PROBLEM DESCRIPTION: Exact copies of all the lines below are wanted, without a single picture.

RECORDED DATA:
%%

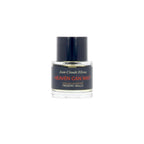 Frederic Malle Heaven Can Wait Perfume Eau De Parfum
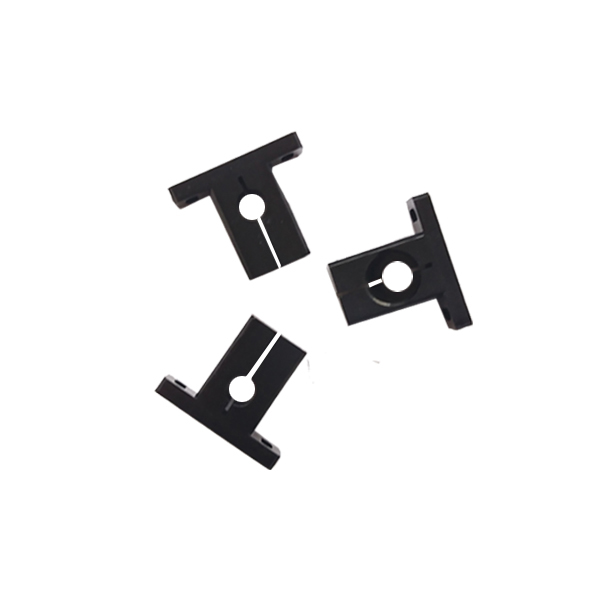 深圳軍工部件零件加工廠2 深圳軍工部件零件加工廠2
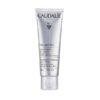 CAUDALIE VINOPERFECT CRÈME MAINS ANTI-TACHES – 50 ML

%%

REPLY:
 Frederic Malle Heaven Can Wait Perfume Eau De Parfum
 深圳軍工部件零件加工廠2 深圳軍工部件零件加工廠2
 CAUDALIE VINOPERFECT CRÈME MAINS ANTI-TACHES – 50 ML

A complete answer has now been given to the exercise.